Now that you’ve created a way to search through a social network graph, you will build an iOS app for exploring social networks. (Note: Visualizing large graphs coherently and efficiently is a challenging in problem, so we will stick to data sets smaller than Marvel Comics for this part.)

Your app’s interface will be very much like last week. You will continue to use your GraphView to display and manipulate graphs, but unlike last week the data files will come with locations for all of the nodes so you do not have to lay out the graph yourself. Once displayed, the user can choose two nodes from the graph by touching one and tracing a line to another. Your program should then highlight the edges (and possibly the nodes) on the shortest path connecting the selected nodes. As the user performs this gesture, you should draw an arrow from where the gesture started to where the finger currently is. The user should be able to repeat the gesture multiple times, with the resulting path being updated in response to each gesture, and the two-finger Pan, Zoom, and Zoom-to-Max gestures from Connect The Dots should be implemented as before.

One possible way to proceed is to build the model, then the view, and then the controller, since both the model and view are relatively self-contained.

Project Setup

In XCode, you will use the same GraphProjects workspace, and work in the SocialNetworksApp target inside the UIClients Project. The project should be set up properly, but here are some steps that were required to make it so.

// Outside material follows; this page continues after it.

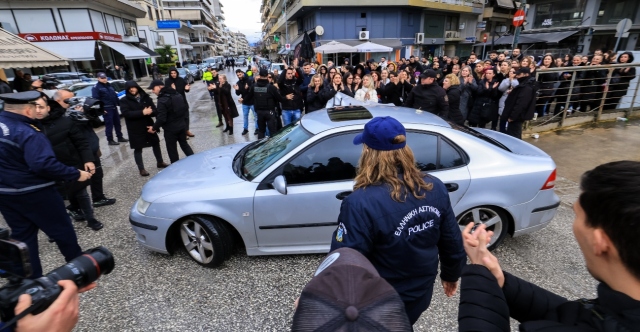 ΞΕΣΠΑΕΙ Ο ΓΙΟΣ ΕΡΓΑΤΡΙΑΣ ΠΟΥ ΣΚΟΤΩΘΗΚΕ ΣΤΗ ΒΙΟΛΑΝΤΑ: ΑΠΟ ΚΑΘΑΡΗ ΤΥΧΗ ΔΕΝ ΗΤΑΝ ΟΙ ΣΥΓΚΕΝΤΡΩΜΕΝΟΙ ΣΤΗ ΘΕΣΗ ΤΩΝ ΘΥΜΑΤΩΝ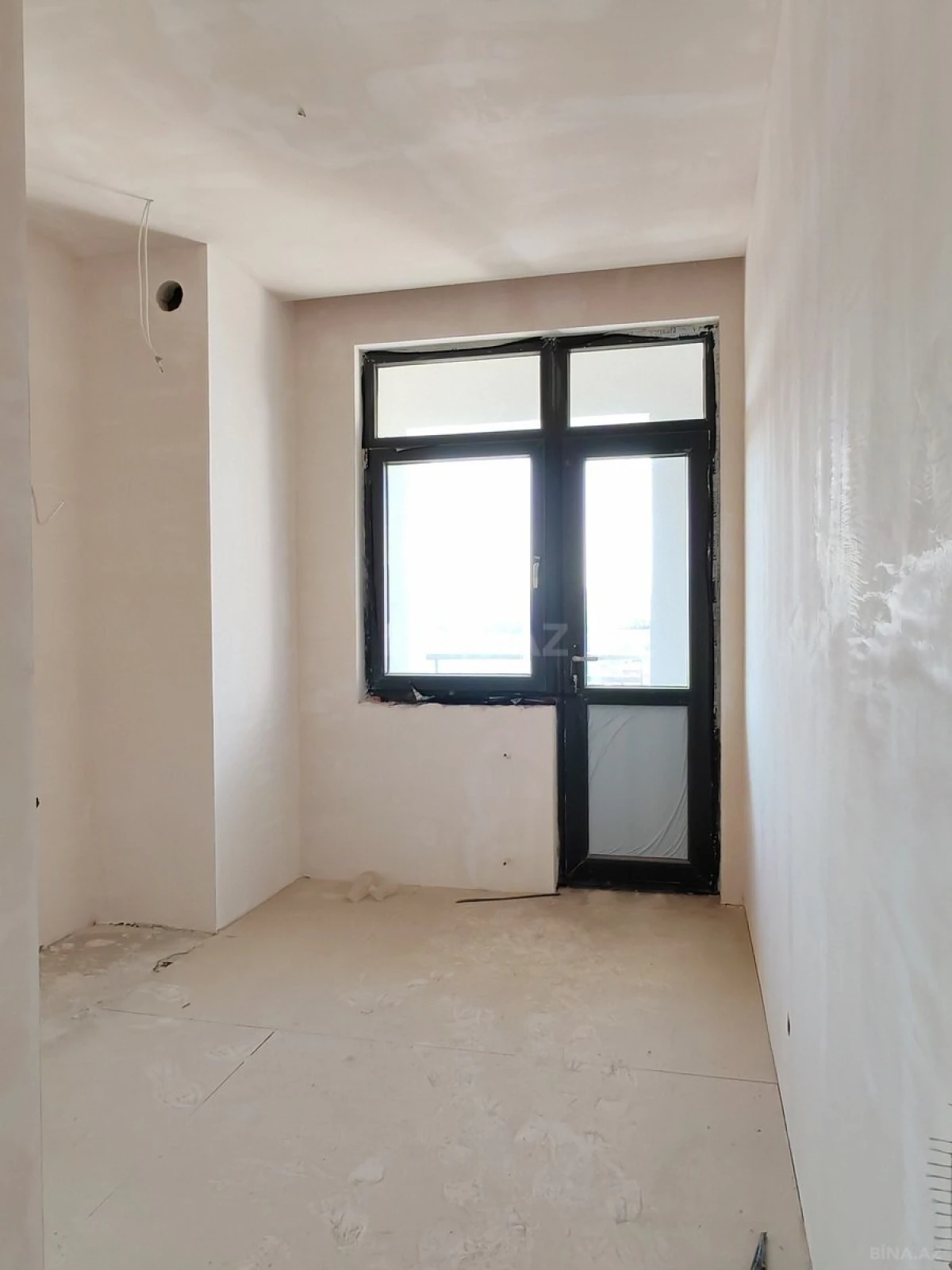 Satılır 2 otaqlı mənzil 78 m²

  1. The SocialNetworks target will share a number of source files with the GraphViz target: GraphView, GraphItem, Files, ModelToViewCoordinates, CGPointArrow. To make those files visible to your new target, select the “UIClients” project in the Project Navigator. Then select the “SocialNetworksApp” target and view the “Build Phases” tab, as shown below. You can then drag the source files you wish to include into the “Compile Sources” list:

You can determine the targets to which a file belongs by selecting it in the Project Navigator and then looking at its “Target Membership” in the File Inspector, as shown below.

If you encounter errors that XCode cannot find a class you declared, a good first check is that the file is included in the target you are building.

  1. You also must include GraphADT.framework in the new target:

Model

For the model, we could extend last week’s DrawableGraph class with the new features we need, but that class wasn’t really designed to be extensible and has a lot of GraphViz-specific code in it. We could copy-paste-and-modify the old class to suit our current needs, but only at the cost of introducing a lot of duplicate code. Instead, we can use this as a good opportunity to practice an important part of software development:

Fix broken windows before they become raging dumpster fires.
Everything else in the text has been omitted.